On October 25, 1880, a new pilot boat, America, No. 21 was launched for the New York Pilots as a replacement for the William H. Aspinwall, No. 21, that was lost in 1880, off Point Judith, Rhode Island. Belle Dunning broke a champagne bottle over the vessel's bow during the launch. The owners were Captain Weaver and Walter Brewer of New York.

The pilot-boat America, No. 21, was registered with the Record of American and Foreign Shipping from 1882 to 1900 to the N.Y. Pilots as owners and Walter Brewer as captain.

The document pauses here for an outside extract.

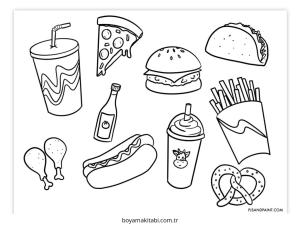 Fast Food boyama sayfası – çocuklar için, çizgi film temalı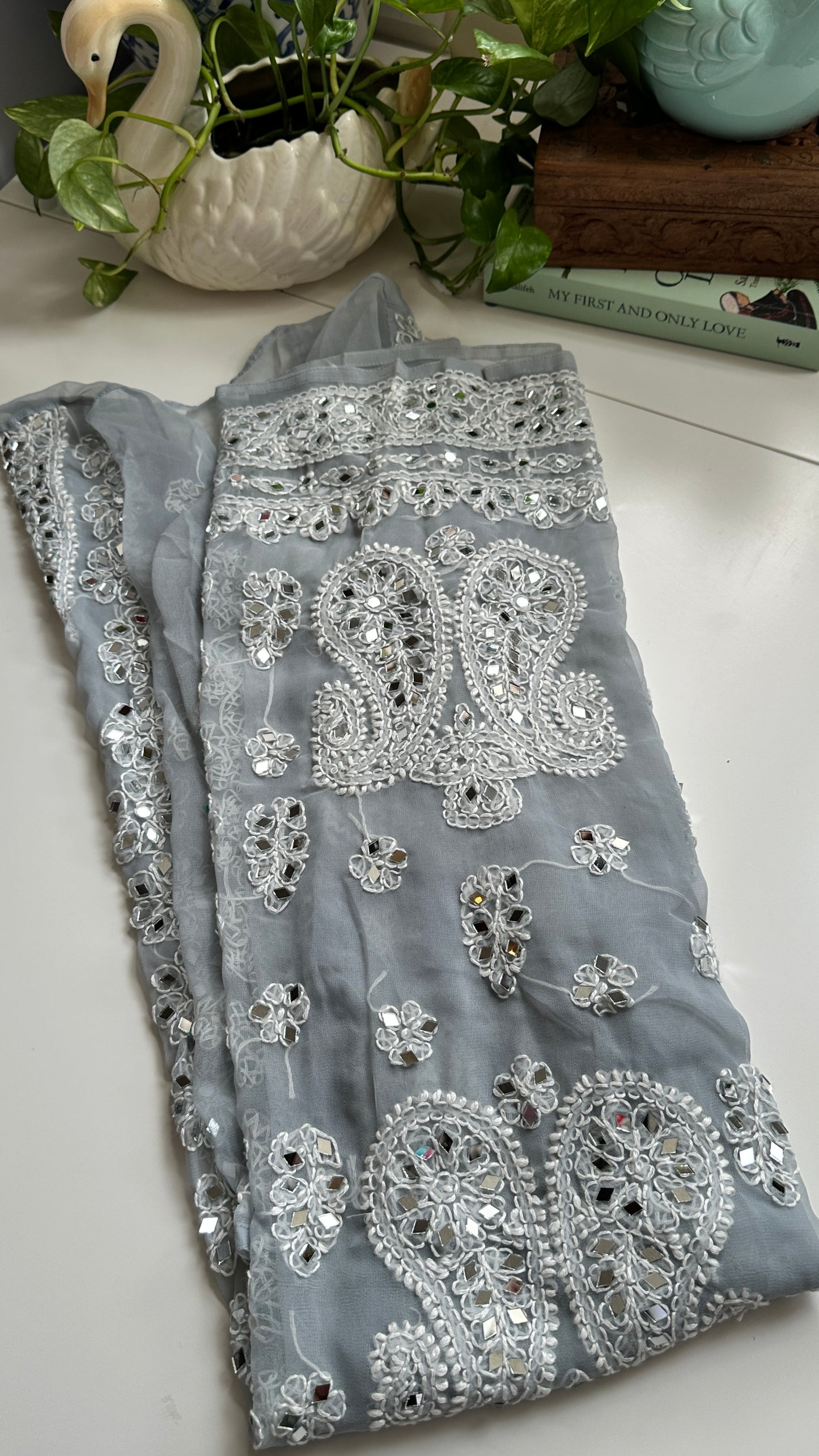 Grey - Georgette Mirror Kurta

She was listed as being built in Bath, Maine, by the Goss & Sawyer shipyard in 1880. She was 79.8 feet long and 75-tons.

Captain Joseph Henderson was attached to the pilot boat, America, No. 21, in the Great Blizzard of 1888, and at the time of his death on October 8, 1890. During the blizzard, the America was cruising off Fire Island when she got caught up in the winter storm, but came safely into port.

On May 17, 1895, the Life Savers' Benevolent Association presented gold medals and money to the crew of the pilot-boat America No. 21, for saving the crew of nine men off the American schooner Rose Esterbrook. Pilots James Jackson, Edward Develin, and Henry Hoiz received gold medals.

On July 23, 1988, A. H. Murphy Jr. of the pilot boat America No. 21, met Captain Andrews of the Dark Secret, 432 miles out from New York, who feel into bad weather and had to return to the New York harbor.

===End of service===

On February 1, 1896, the New York Pilots discarded sixteen sailboats and moved them to the Erie Basin in Brooklyn. They were replaced with steam pilot boats. The America, was sold for $5,500.

On April 19, 1897, a new America, No. 1 was built for Captain James H. Reid, of Boston and designed from the line drawings by Thomas F. McManus of Boston. She was launched from the shipyard of John Bishop of Gloucester, Massachusetts. Pilots James H. Reid Jr., and Bruce B. McLean were assigned to the new boat.